On the contrary, the unbalanced have as a rule a kind of natural sympathy with the abnormal, the moment the opportunity arises for an inaccurate imitation of the super-reasonable. It is evident when you see their ease in putting this imbalance before duty of state, before obedience–something a saint would never do. The fruits of an imbalanced spirituality are directly opposed to the simple common sense natural to an everyday piety that is nonetheless strong and solid. When God directs a soul toward the conversation by which He means to penetrate into it, He never goes beyond a certain depth, marking the limit of that soul's reasonable balance. On the contrary, He reinforces its fidelity by the reinforcement of a pacified reason. The "leave everything" is proportioned to the degree of union or to the mission which God means to confide to that soul.
The fear of abandoning one's self-will is the first enemy upon which we have to declare war when God begins to express Himself by way of the conscience or by way of a directly supernatural light. We are so deeply rooted in ourselves that Jesus even said it to His beloved apostles: "You do not know of what spirit you are..." It is going to be the role of the priest, in the direction of souls, to distinguish of what spirit they are and of what spirit God means for them to be. Imprudence consists in wanting to decide all alone, in a misunderstanding in which we are always both judge and defendant. Spiritual direction is not an authoritarianism nor a taking command; it is a direction, an orientation, facing the soul toward the destination which God holds out to him, and which it is his own duty to reach, strengthened by obedience and by the wisdom of the grace of the priesthood. The first mission of this grace is to help the soul renounce the individualistic affirmation of his self-love or of his ever-so-slightly pharisaical virtue, enclosed within its little human recording-studio where all it can hear is its own monotonous conversation. The true mystic is more anxious to receive than to affirm, and what he receives in spiritual direction helps him allow God to affirm Himself in his place. "Who hears you hears Me"; knowing how to "hear" the sonority of a soul is the first duty and the heaviest responsibility of spiritual direction, in order that the soul might hear, in the priest, the echo of God Himself; providing an atmosphere of understanding which the soul needs in order to be able to reveal its secrets and the secrets of God for him; the most merciful and paternal of functions, for whomever knows how to appreciate the priestly vocation: "sacra dare"–to give the sacred of divine light, after having given the sacred of the sacraments.
This intelligent mysticism of personal existence has been all but discredited, not only by excessively materialistic doctors but by excessively human confessors, or by theologians excessively de-valorized by their personal points of view on a problem which must always remain the problem of God seeking to draw as close as possible to souls, in order to engage in conversation with them.

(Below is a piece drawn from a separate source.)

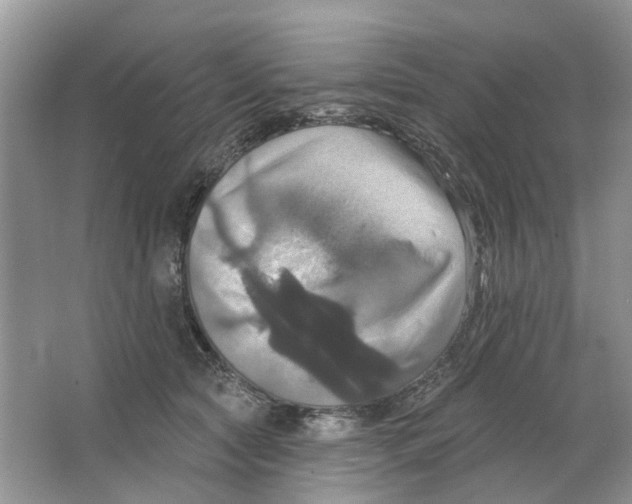 X0000063510561200602172149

Mysticism recovers man before the Fall; it places him there where God planted the tree of life after He eliminated the garden of happiness: the Cross, where the soul finds himself in company of the life that cannot die: with the love of his God and with the God of his love.
Translated exclusively for Angelus Press from the private archives of the Association du R. P. de Chivré. Fr. Bernard-Marie de Chivré, O.P. (say: Sheave-ray´) was ordained in 1930. He was an ardent Thomist, student of Scripture, retreat master, and friend of Archbishop Lefebvre. He died in 1984.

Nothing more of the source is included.